Why I Finally Sold All My Individual Stocks

“Don’t look for the needle in the haystack. Just buy the haystack.”

Jack Bogle

In the mid-1970s, the late great Jack Bogle introduced the first index fund, which allowed investors to buy the market as a whole, instead of purchasing individual stocks or actively managed funds. This new investment option was met with relatively little fanfare, and many mocked the idea of wanting “just average returns.”

It took a while, but the passive index fund has become the investment vehicle of choice for the lay investor. According to Morningstar, the percentage of U.S. equity assets in passive funds has grown to over 45% in 2017, up from approximately 20% ten years earlier. This number is expected to continue growing.

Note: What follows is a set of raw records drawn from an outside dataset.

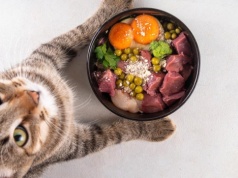 Psy hamują rynek karmy. Kupujących przyciągają koty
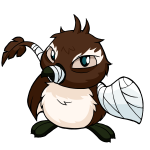 Brown Pteri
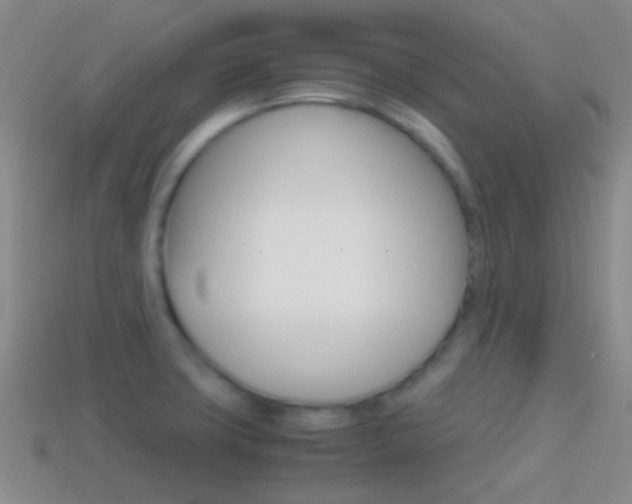 X0000114701427200910210959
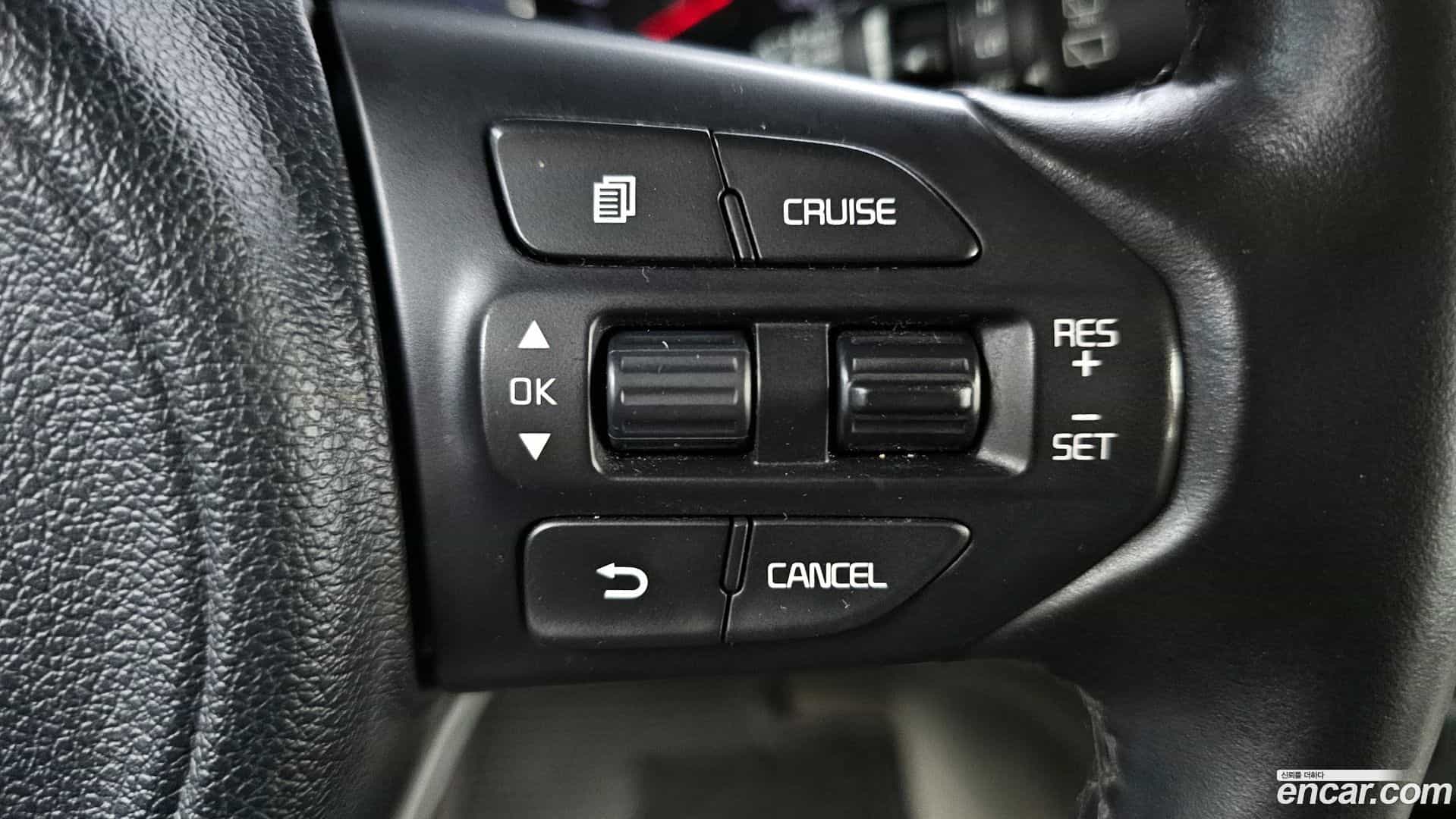 Canival Kia 2017.8-OPTION-024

Among FIRE bloggers and enthusiasts, passive index investing has garnered almost a cult following. “Give me VTSAX, or give me death!” could be the tagline of many.

So, why, when faced with this mountain of evidence and pervasive advice on index investing, did I buy individual stocks for nearly the past 10 years?

It’s part of being human.

My Investing History and Overconfidence

When I started my career in 2005, I didn’t know crap about investing. I didn’t take a single course in college that covered anything practical about money or finance. However, I did enroll in Dinosaurs and The History of Rock & Roll. I wrote a five page analysis of the Strokes’ Reptilia, yet I didn’t know what a cost basis was.

I digress. Thankfully, I wasn’t allowed unfettered access to my investments in the early years. The money I put into my 401k and Roth IRA went into a selection of mutual funds with moderate fees. Those were the dark ages on my path to FI, and I didn’t think about money much then.

Around 2010, our company granted us access to a self-directed investment option, and I signed up. I could now do anything with my money!

Soon after, I began to buy individual stocks in earnest. One of my first purchases was General Electric, which was around $14 at the time. In a matter of a year or two, it nearly doubled. Cha-ching!

I was a victim of my own overconfidence.

A good proxy for my individual stock investing career

My stock picks kept doing relatively well. I was hitting 2- and 3-baggers left and right. In retrospect, almost everything did well in the post-crisis recovery. But I, of course, assumed that I was just a great stock picker, and my copy of The Intelligent Investor was guiding me to the riches.

At some point, I started playing with options as a way to leverage my ‘bets’. Initially, I was just buying covered calls and selling puts. But it quickly devolved from income-enhancing strategies to straight up gambling. Needless to say, it didn’t end well. I remember distinctly one day in June 2015 that I lost 5 figures (!!!) in minutes because of a lousy earnings report from a chip company.

Beware the Survivorship Bias

“The trick is not to pick the right company. The trick is to essentially buy all the big companies through the S&P 500 and to do it consistently”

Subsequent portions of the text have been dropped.